» TASK STATEMENT
Nothing but a number should be given: the count of lines in the data that include the string "CONNECTOR".

#### GIVEN ENTRIES

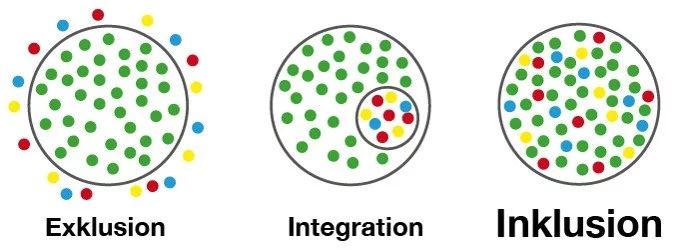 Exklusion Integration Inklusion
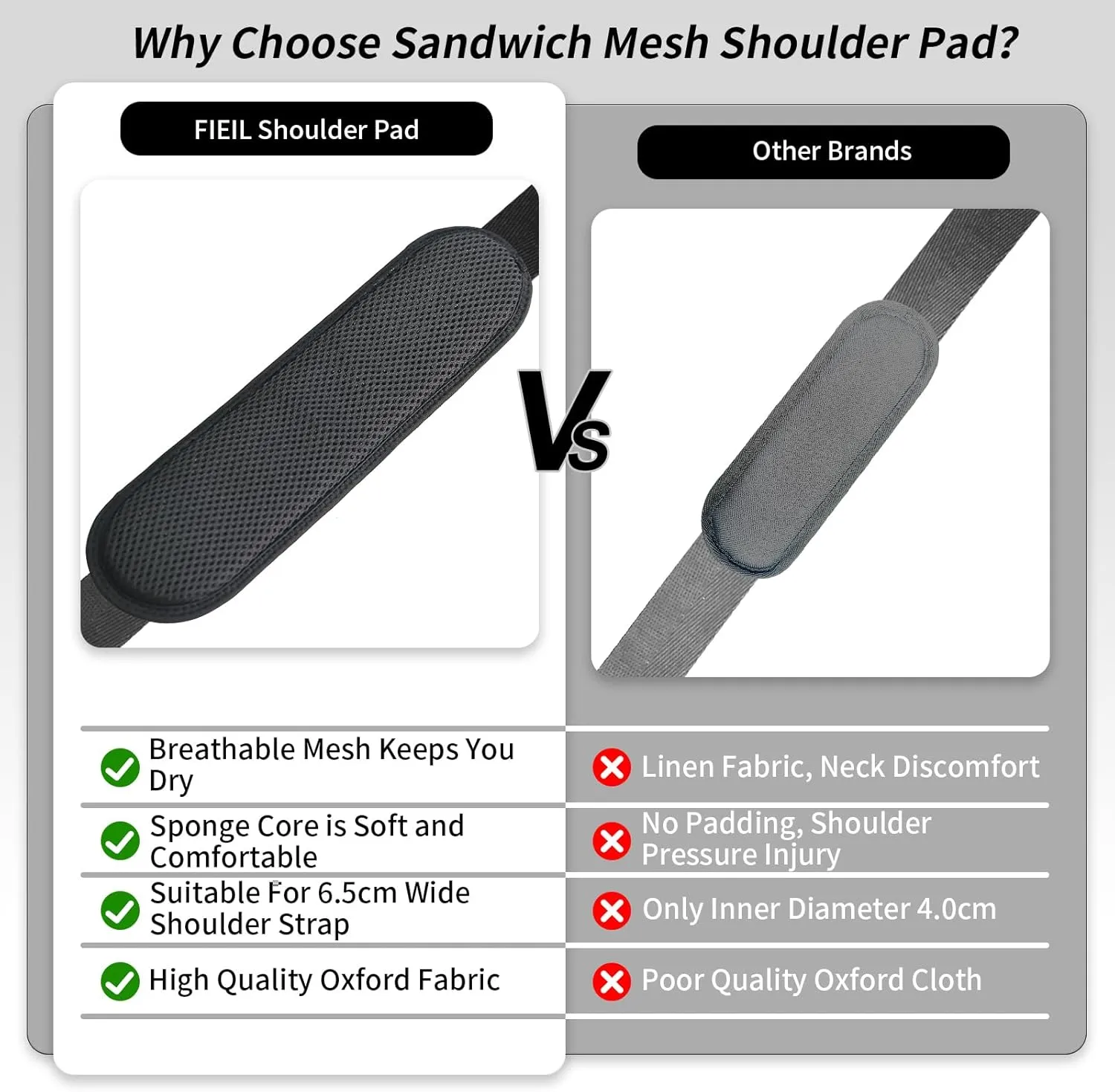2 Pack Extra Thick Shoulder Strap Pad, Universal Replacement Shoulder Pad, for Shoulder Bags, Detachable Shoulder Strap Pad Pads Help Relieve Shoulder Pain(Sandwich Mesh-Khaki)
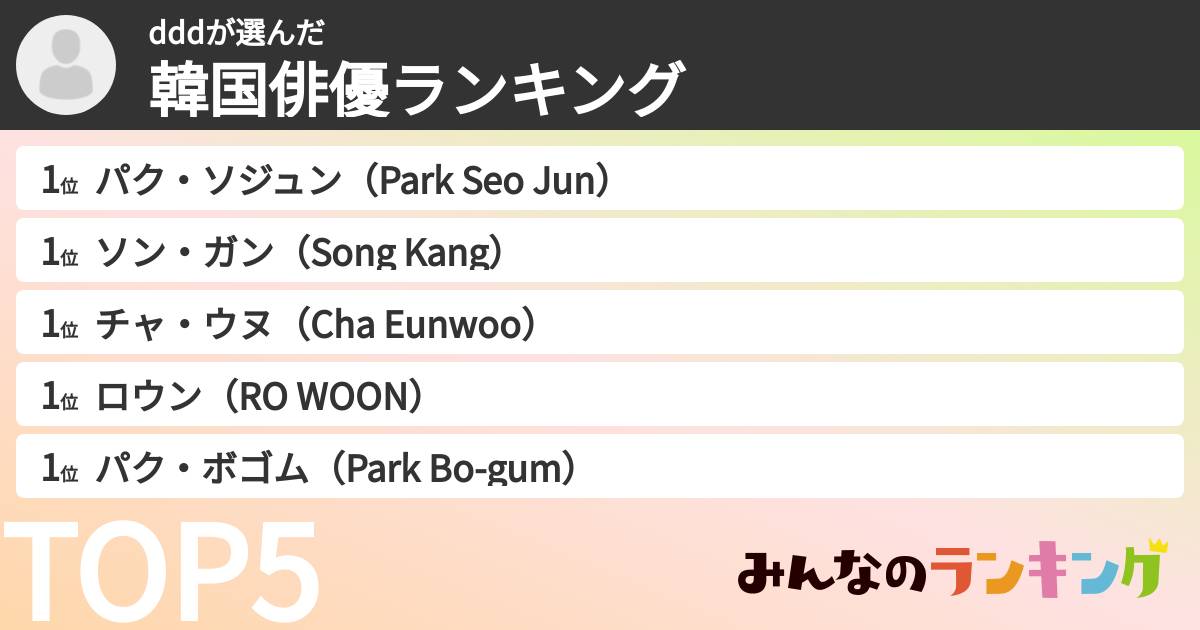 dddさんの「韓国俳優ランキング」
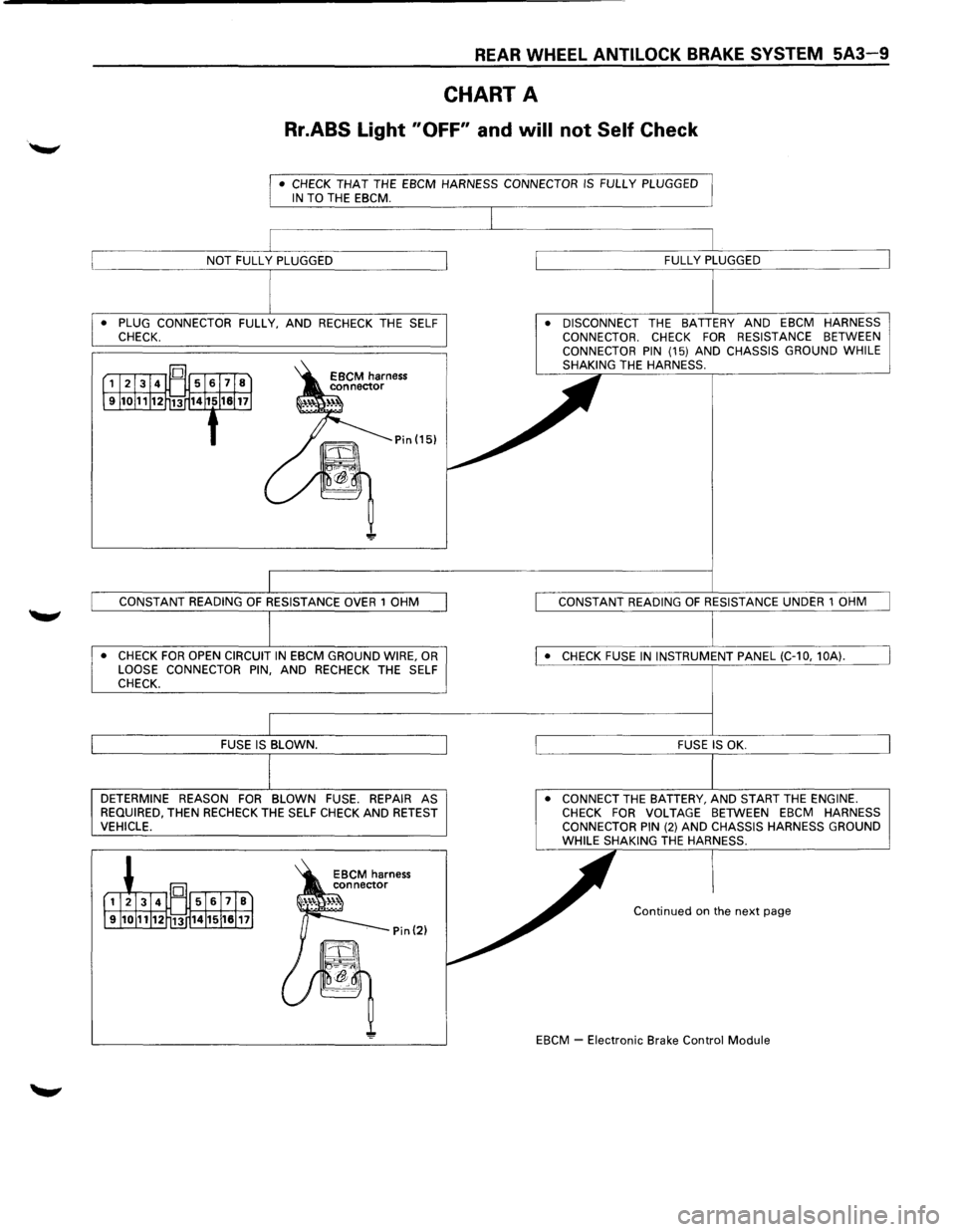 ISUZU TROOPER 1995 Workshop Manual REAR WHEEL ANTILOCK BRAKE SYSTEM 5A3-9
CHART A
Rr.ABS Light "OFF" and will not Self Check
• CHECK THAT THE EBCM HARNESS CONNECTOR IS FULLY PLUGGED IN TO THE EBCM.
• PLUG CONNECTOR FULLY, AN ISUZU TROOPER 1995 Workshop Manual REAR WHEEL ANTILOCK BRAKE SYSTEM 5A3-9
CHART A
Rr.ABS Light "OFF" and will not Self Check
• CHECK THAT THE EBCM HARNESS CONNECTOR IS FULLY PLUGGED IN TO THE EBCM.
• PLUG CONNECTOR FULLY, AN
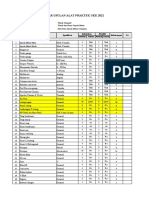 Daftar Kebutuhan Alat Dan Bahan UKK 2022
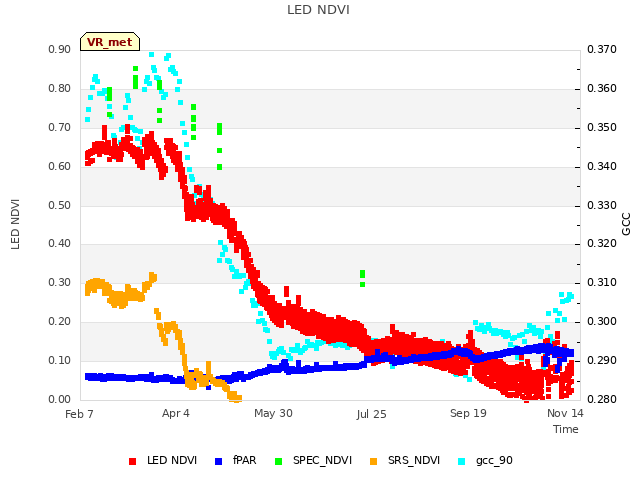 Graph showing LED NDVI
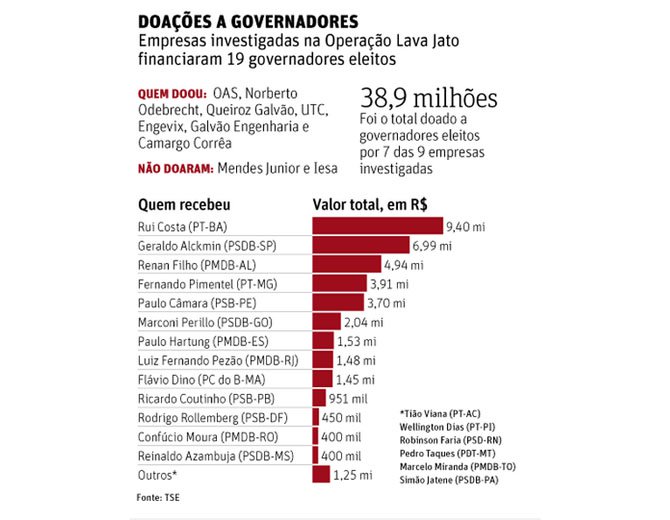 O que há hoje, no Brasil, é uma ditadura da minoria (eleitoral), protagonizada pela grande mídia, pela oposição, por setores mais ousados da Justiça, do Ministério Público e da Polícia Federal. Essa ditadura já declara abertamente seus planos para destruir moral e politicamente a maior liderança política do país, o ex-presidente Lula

########

» RESPONSE TO THE EXERCISE
4